That's a hoot alright ? Is this guy an part-time estate agent or something - he certainly spins like one


----------



## CoffeeBrew (26 May 2005)

p.s how come my winkies, smilies etc always show up as links ?????

Perhaps this issue is important enough to start a new thread ;-)


----------



## larakennedy (8 Dec 2005)

Hi, re Edel Morgan's article. If you've read her weekly column you'll know it's often tongue in cheek and critical of the property market. I doubt she was applauding the fact that even small houses are going to cost a million houses - or already do in some parts - it's more likely she was pointing out how ridiculously high prices have risen.


----------



## CoffeeBrew (9 Dec 2005)

Oh, he is a she ? oops. (That was 6 months ago, looks like you've been brushing off the dust on some of the older threads  )

I'm sure you've seen estate agents making similiar claims about future house prices so it was natural enough to think here we have another journalist falling in line with that and unwilling or unable to challenge the assumptions in the claims.
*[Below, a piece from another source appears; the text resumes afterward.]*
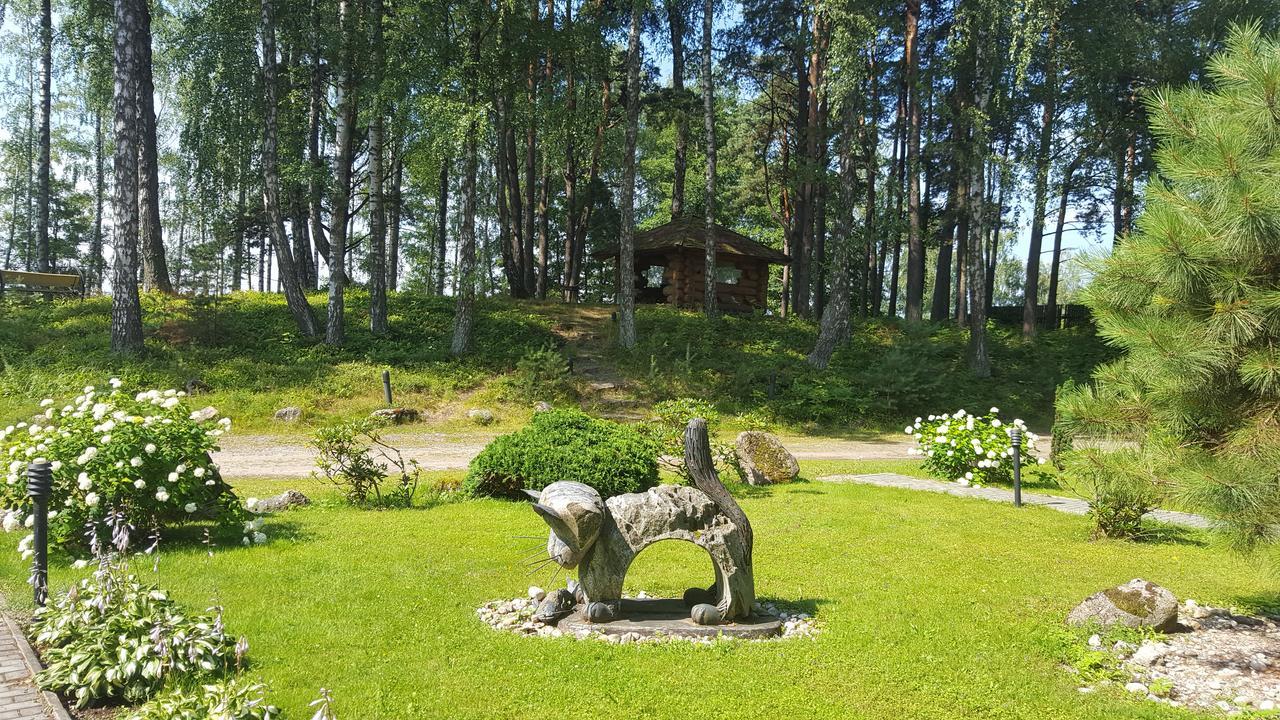 Atputas Komplekss Lilaste Buitenkant foto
Can you post any links/quotes from Edel where she tells it "like it is" with the property market without the ambiguity ?


----------



## larakennedy (16 Dec 2005)

This is just one I found when I googled but there's lots of examples


Telling it like it is - and isn't

 [broken link removed]   [broken link removed]    *CityLiving:* Do estate agents really have to stick to a code that hides the truth, wonders *Edel Morgan*.
There aren't many estate agents who will call a spade a spade - or an inhabitable dump an inhabitable dump. Deciphering estate-agent speak is all about cracking the code that glosses over the unpleasant, unpalatable truth.
Househunters who have waded through a ton of property brochures and ads will know the codeword "charming" roughly translated means "poky and dilapidated". For "keenly priced" read "owners desperate to get out" and for "awaits fresh thinking" substitute "only fit to demolish and rebuild".
Would great property empires collapse if estate agents were to dispense with "the code" and say it like it is? One estate agent who did, managed to maintain a business for decades until his death in 1971


----------



## derryman (17 Feb 2006)

does anyone ever get the feeling that the whole SSIA scheme was an elaborate ploy by Fianna Fail to increase the financial base of lending institutions within Ireland so that they could lend out ever increasing amounts to borrowers and thus keep the whole house equity / building party rolling in Ireland (each institution must maintain a minimum % of deposit reserves against it securitised loan book - think it is 5-10% of loan book in deposits)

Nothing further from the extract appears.